La corrispondenza degli internati militari italiani inizia dopo la cattura seguita all’armistizio dell’8 settembre 1943. Le prime forme di comunicazione sono dei biglietti scritti velocemente e lanciati spesso dai treni.
Durante il lungo viaggio che portava ai campi di internamento tedeschi, infatti, i militari prigionieri affidavano, quando se ne presentava l’occasione, un messaggio a un contatto fortuito, al fine di far pervenire le proprie notizie ai familiari: brevi frasi scritte con l’unico scopo di rassicurare le famiglie sulle proprie condizioni.
Messaggio affidato ad un contatto fortuito per informare la famiglia. |
Le prime cartoline inviate dai luoghi di prigionia erano costituite da moduli prestampati della Croce Rossa Internazionale o degli Stalag che riportavano i dati assegnati ad ogni prigioniero al momento dell’internamento. In alto spiccava la scritta Kriegsefangenenlager camps des prisonniers, a volte accompagnata a fianco dalla nomenclatura dello stalag, stampato o scritto a mano.
Per lo più le cartoline erano stampate in francese o in tedesco perché destinate in un primo momento ai prigionieri delle nazioni in guerra contro la Germania fin dal 1939. La corrispondenza degli IMI con le famiglie si intensifica al termine delle lunghe operazioni di smistamento nelle migliaia di campi di internamento.
Esempio di cartolina prestampata inviata dallo Stalag VI J. |
I prigionieri potevano mandare un numero limitato di lettere, sottoposte al vaglio della censura. Proprio per questo gli stessi mittenti operavano una prima selezione di quelle frasi che potevano risultare compromettenti.
«Fu soltanto nel mese di marzo del ’44 che mi fu permesso di scrivere a mia moglie e a mio fratello che ero ancora vivo. Era dal settembre del ’43 che non davo mie notizie e immaginavo come fossero in pensiero in tutto quel tempo. Nessuno sapeva che fine avessi fatto dopo quel tragico 8 settembre (…). Avrei voluto raccontare delle violenze subite, della struggente nostalgia di casa, di come un tempo mi sentissi forte e fiducioso, mentre ora mi vedevo piccolo, quasi ingobbito e senza forze» (M. Acierno, Prigioniero numero 50860, Manni Editore, 2010).
Agli ufficiali era consentito spedire tre lettere e quattro cartoline al mese, mentre ai sottufficiali e ai soldati, due lettere e quattro cartoline.
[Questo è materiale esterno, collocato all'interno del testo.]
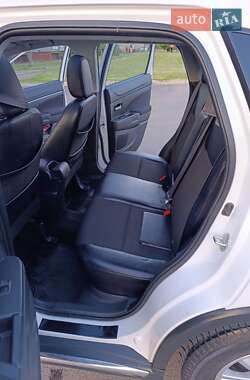Внедорожник / Кроссовер Citroen C4 Aircross 2012 в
Di seguito sono riportati, nella loro versione originale, stralci di lettere inviate dai militari internati alle proprie famiglie.
«Amatissima Sisina (…) l’altro ieri ti ho spedito una cartolina con la sola firma per assicurarti che sono in Germania come internato militare fin dai primi di settembre (…)» 2/12/1943. «Carissima Gina (…) ti faccio presente che mi trovo prigioniero in Germania stai tranquilla sto bene rispondimi subito e dimmi tutto. Tuo Pietro»12/12/1943 Stalag XVIII A. «Cari Genitori (…) io sto bene non pensateci mi trovo in Germania (…)» 19/12/1943 Stalag 317. «Cara Maria e famiglia (…) mi trovo prigioniero in Germania assieme agli amici (…) Indirizzo P.M. 38498 P.U.548 III C Germania sempre allegra. Matteo» 17/10/1943 Stalag III C. «(…) Ho ritardato a darti mie nuove con la speranza che fosse finita prima. Sto bene e mi trovo prigioniero in Germania» 23/04/1944 Stalag III B.
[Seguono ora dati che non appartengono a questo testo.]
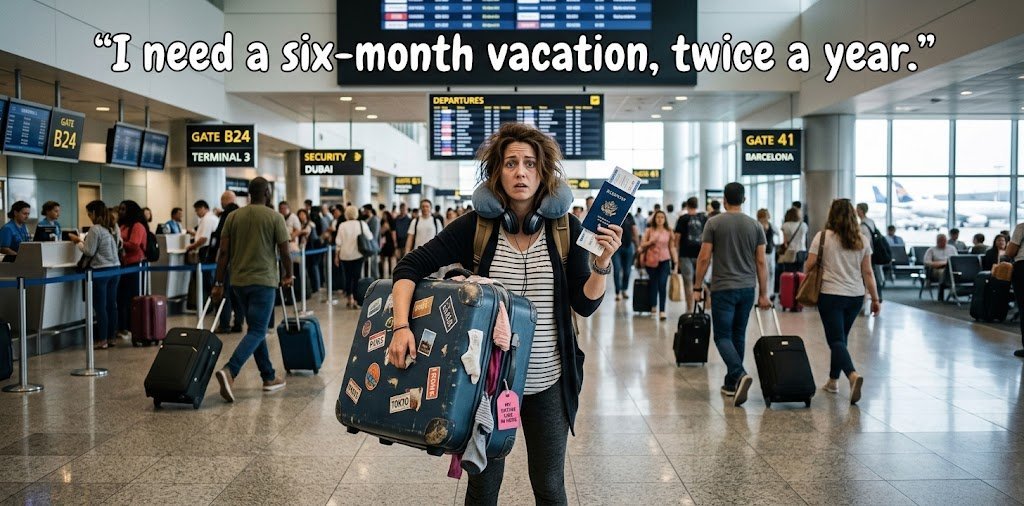 Funny Travel Quotes Every Traveler Gets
Da un primo sguardo alle pagine ormai ingiallite salta subito alla vista una grafia in alcuni casi molto curata, in altri stentata, il linguaggio a volte forbito altre volte essenziale corredato spesso da errori ortografici, le frasi più o meno articolate con termini volti a rafforzare il legame che unisce, nello sforzo di rendere a parole quei sentimenti che trovano la loro espressione abituale in un abbraccio o in un bacio.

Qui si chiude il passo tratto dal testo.